About your table
First of all, I believe you should change your data type to plain array.
CREATE TABLE public.vector (
id serial NOT NULL,
vctor double precision [3] --for three dimensional vectors; of course you can change the dimension or leave it unbounded if you need it.
);
INSERT INTO public.vector (vctor) VALUES (ARRAY[2,3,4]);
INSERT INTO public.vector (vctor) VALUES (ARRAY[3,4,5]);
So
SELECT * FROM public.vector;
Will result in the following data
id | vctor
------|---------
1 | {2,3,4}
2 | {3,4,5}
Maybe not the answer you expected but consider this
As you may know already, calculating the cosine between the vectors involves calculating the magnitudes. I don't think the problem is the algorithm but the implementation; it requires calculating squares and square roots that is expensive for a RDBMS.
Now, talking about efficiency; the server process does not take the load when calling mathematical functions. In PostgreSQL, the mathematical functions (look here) run from the C library so they are pretty efficient. However, in the end, the host has to assign some resources to make these calculations.

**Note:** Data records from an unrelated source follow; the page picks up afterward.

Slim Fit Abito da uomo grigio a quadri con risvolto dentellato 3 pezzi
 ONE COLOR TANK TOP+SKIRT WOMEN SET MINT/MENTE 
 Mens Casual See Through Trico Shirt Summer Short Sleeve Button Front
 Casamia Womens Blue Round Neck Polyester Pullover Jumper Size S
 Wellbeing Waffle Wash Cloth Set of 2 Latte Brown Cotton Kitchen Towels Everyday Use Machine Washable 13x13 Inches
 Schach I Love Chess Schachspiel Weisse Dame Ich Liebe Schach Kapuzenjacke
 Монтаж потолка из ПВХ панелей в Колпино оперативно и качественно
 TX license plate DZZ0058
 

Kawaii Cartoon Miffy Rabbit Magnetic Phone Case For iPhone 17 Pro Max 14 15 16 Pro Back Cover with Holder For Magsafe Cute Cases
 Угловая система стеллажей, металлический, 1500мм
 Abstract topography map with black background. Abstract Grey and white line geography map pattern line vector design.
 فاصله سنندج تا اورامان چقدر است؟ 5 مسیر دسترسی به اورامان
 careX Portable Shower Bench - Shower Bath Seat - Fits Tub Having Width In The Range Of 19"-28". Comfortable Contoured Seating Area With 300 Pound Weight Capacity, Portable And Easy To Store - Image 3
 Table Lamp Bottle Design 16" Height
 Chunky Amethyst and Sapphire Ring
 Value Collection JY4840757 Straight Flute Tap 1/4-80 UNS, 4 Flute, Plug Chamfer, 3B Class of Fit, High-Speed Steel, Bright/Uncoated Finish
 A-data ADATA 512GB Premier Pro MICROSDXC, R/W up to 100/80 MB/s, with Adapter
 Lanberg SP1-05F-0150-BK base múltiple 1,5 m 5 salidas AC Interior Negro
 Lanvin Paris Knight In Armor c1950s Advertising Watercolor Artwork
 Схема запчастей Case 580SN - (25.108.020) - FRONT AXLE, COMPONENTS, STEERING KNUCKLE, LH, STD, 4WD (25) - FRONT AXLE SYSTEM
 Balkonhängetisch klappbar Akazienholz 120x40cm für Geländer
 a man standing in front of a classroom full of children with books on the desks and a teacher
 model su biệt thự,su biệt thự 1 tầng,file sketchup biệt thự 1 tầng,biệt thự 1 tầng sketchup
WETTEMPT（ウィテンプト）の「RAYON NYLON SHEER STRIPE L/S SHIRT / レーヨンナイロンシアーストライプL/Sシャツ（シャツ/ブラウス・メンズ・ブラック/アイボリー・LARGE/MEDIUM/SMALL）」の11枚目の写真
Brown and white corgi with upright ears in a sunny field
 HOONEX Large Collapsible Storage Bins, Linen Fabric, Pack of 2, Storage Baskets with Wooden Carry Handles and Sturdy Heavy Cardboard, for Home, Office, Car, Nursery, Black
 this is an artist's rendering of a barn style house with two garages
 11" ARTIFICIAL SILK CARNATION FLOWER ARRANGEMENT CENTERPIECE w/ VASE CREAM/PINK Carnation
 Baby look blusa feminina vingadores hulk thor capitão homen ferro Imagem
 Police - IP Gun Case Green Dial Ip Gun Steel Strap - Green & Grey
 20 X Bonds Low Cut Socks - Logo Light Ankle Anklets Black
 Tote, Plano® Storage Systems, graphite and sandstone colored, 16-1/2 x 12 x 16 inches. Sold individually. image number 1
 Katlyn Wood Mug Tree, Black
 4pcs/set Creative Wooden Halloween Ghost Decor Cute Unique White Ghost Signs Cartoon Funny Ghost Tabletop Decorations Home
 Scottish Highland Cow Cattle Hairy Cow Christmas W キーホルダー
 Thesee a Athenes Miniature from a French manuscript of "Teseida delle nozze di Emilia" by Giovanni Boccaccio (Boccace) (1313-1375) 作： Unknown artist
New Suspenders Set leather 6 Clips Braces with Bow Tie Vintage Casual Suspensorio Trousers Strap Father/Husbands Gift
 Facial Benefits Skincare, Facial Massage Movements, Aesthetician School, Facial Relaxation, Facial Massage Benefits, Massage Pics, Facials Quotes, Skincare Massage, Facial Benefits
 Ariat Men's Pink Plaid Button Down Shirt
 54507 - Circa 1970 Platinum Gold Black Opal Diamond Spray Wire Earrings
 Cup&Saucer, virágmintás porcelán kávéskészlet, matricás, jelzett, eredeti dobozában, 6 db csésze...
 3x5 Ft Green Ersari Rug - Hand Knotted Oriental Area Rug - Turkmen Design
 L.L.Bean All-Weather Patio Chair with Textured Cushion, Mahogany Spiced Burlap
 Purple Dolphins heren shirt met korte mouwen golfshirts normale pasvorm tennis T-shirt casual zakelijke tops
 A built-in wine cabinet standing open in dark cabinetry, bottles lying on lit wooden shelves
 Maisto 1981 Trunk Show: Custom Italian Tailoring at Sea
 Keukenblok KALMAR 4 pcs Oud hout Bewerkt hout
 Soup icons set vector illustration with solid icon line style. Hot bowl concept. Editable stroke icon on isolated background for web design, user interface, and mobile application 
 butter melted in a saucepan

I would indeed think carefully before implementing these rather costly operations inside the server. But there is not a right answer; it depends on how you are using the database. For example if it is a production database with thousands of concurrent users, I would move this kind of calculation elsewhere (a middle layer or a user application.) But if there are few users and your database is for a small research operation, then it is fine to implement it as a stored procedure or a process running inside your server but keep in mind this will affect scalability or portability. Of course, there are more considerations like how many rows will be processed, or whether or not you intend to fire triggers, etc.
Consider other alternatives
Make a client app
You can do a fast and decent program in VB or the language of your choice. And let the client app make the heavy calculation and use the database for what it does best that is storing and retrieving data.
Store the data differently
For this particular example, you could store the unit vectors plus the magnitude. In this way, finding the cosine between any two vectors reduces simply to the dot product of the unit vectors (only multiplication and division and no squares nor square roots.)
CREATE TABLE public.vector (
id serial NOT NULL,
uvctor double precision [3], --for three dimensional vectors; of course you can change the dimension or make it decimal if you need it
magnitude double precision
);
INSERT INTO public.vector (vctor) VALUES (ARRAY[0.3714, 0.5571, 0.7428], 5.385); -- {Ux, Uy, Uz}, ||V|| where V = [2, 3, 4];
INSERT INTO public.vector (vctor) VALUES (ARRAY[0.4243, 0.5657, 0.7071], 7.071); -- {Ux, Uy, Uz}, ||V|| where V = [3, 4, 5];
SELECT a.vctor as a, b.vctor as b, 1-(a.uvctor[1] * b.uvctor[1] + a.uvctor[2] * b.uvctor[2] + a.uvctor[3] * b.uvctor[3]) as cosine_distance FROM public.vector a
JOIN public.vector b ON a.id != b.id;
Resulting in
a | b | cosine_distance
-----------------------------|------------------------------|------------------
{0.3714,0.5571,0.7428,5.385} | {0.4243,0.5657,0.7071,7.071} | 0.00202963
{0.4243,0.5657,0.7071,7.071} | {0.3714,0.5571,0.7428,5.385} | 0.00202963
Even if you have to calculate the magnitude of the vector inside the server, you will make it once per vector and not every time you need to get the distance between two of them. This becomes more important as the number of rows is increasing. For 1000 vectors for example, you would have to calculate the magnitude 999000 times if you wanted to obtain the cosine difference between any two vectors using the original vector components.
Any combination of the above
Conclusion
When we pursue efficiency, most of the times there is not a canonical answer. Instead we have trade-offs that we have to consider and evaluate. It always depends on the ultimate goal we need to achieve. Databases are excellent for storing and retrieving data; they can definitely make other things but that comes with an added cost. If we can live with the added overhead then it's fine; otherwise we have to consider alternatives.